THE PROBLEM ::
Return nothing but the lines from the line with "14K White 1/5" through the last line of the entries that follow, copied exactly and free of pictures.

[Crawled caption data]
────────────────────
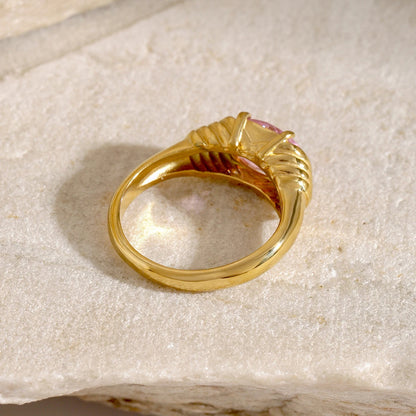 18K Gold Plated Oval Gemstone Ring – Waterproof, Tarnish-Free Statement Jewellery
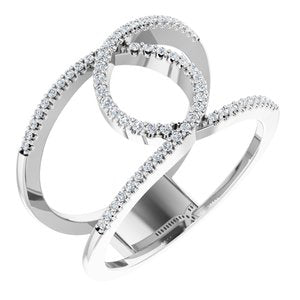 14K White 1/5 CTW Diamond Interlocking Loop Ring - Siddiqui Jewelers
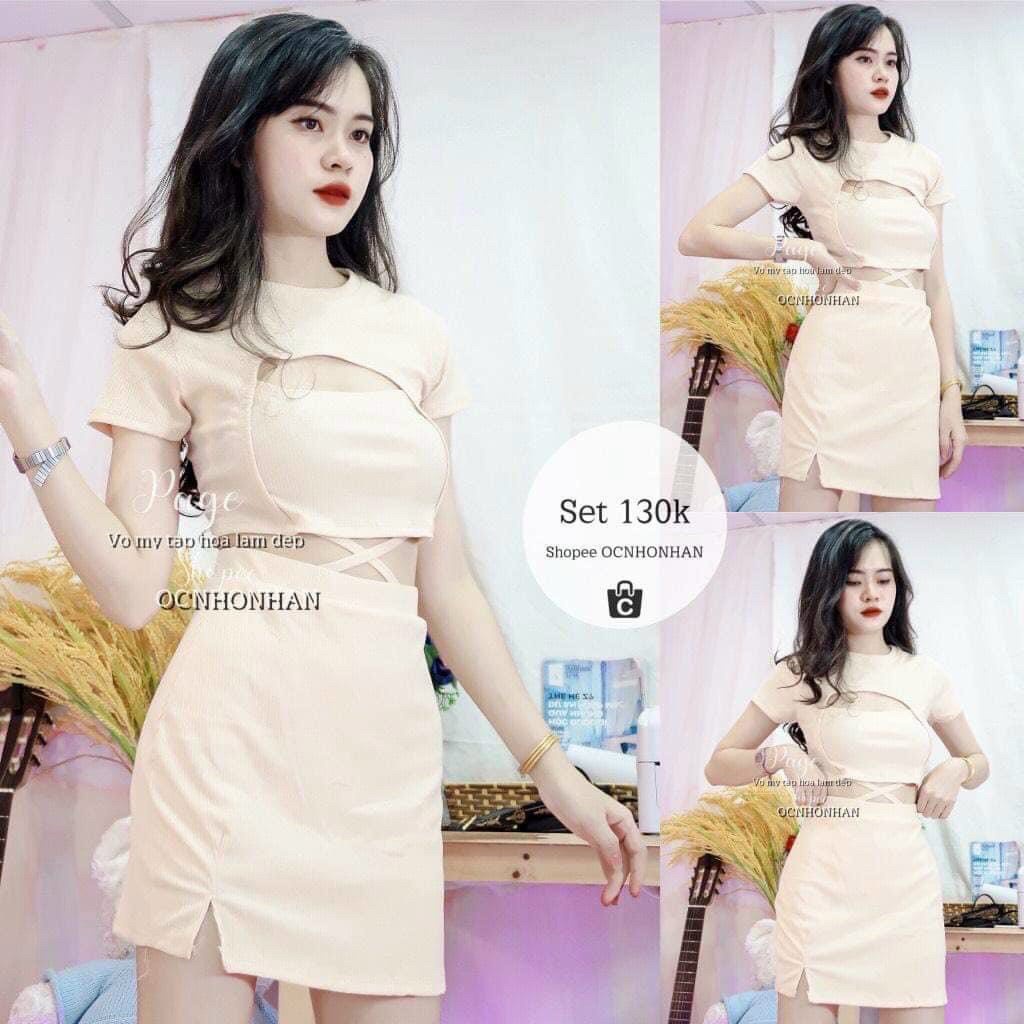 Sét bộ áo croptop hở lửng quấn dây eo phối chân váy ngắn body cực xinh , chất thun bozip mềm mịn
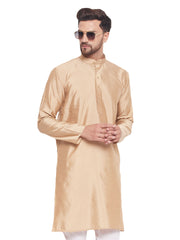 Men Beige Silk Blend Kurta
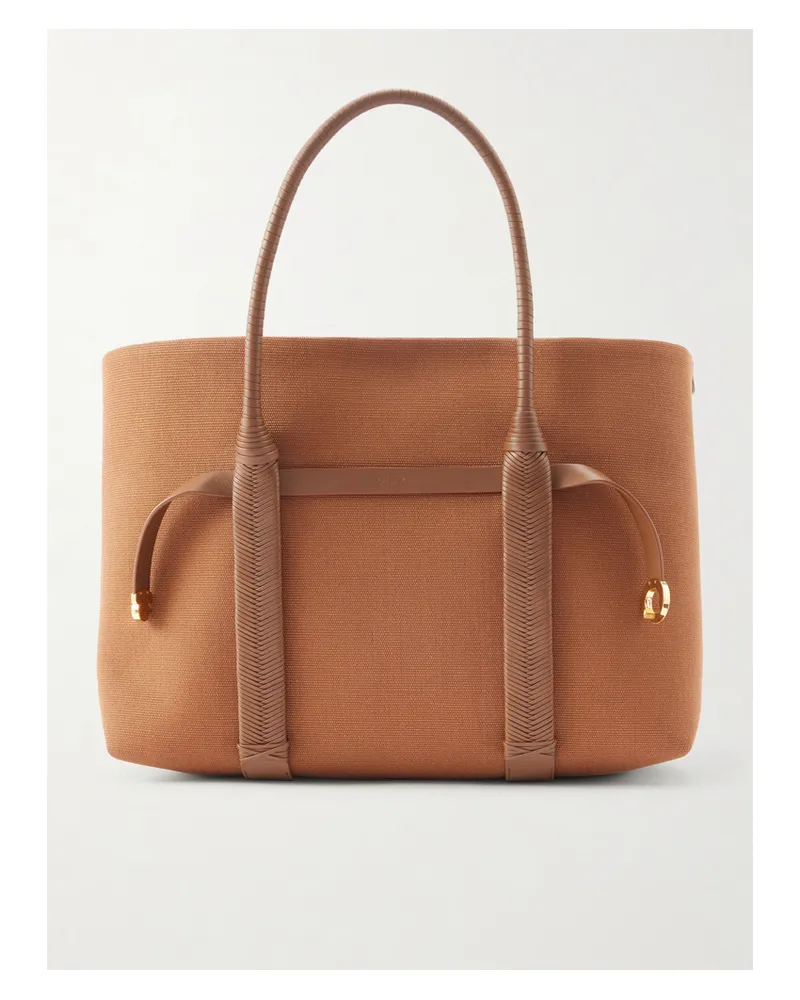 Loro Piana Ghiera Large Leather-trimmed Canvas Tote - Brown Brown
────────────────────
SOLUTION TO THIS EXERCISE ::
 14K White 1/5 CTW Diamond Interlocking Loop Ring - Siddiqui Jewelers
 Sét bộ áo croptop hở lửng quấn dây eo phối chân váy ngắn body cực xinh , chất thun bozip mềm mịn
 Men Beige Silk Blend Kurta
 Loro Piana Ghiera Large Leather-trimmed Canvas Tote - Brown Brown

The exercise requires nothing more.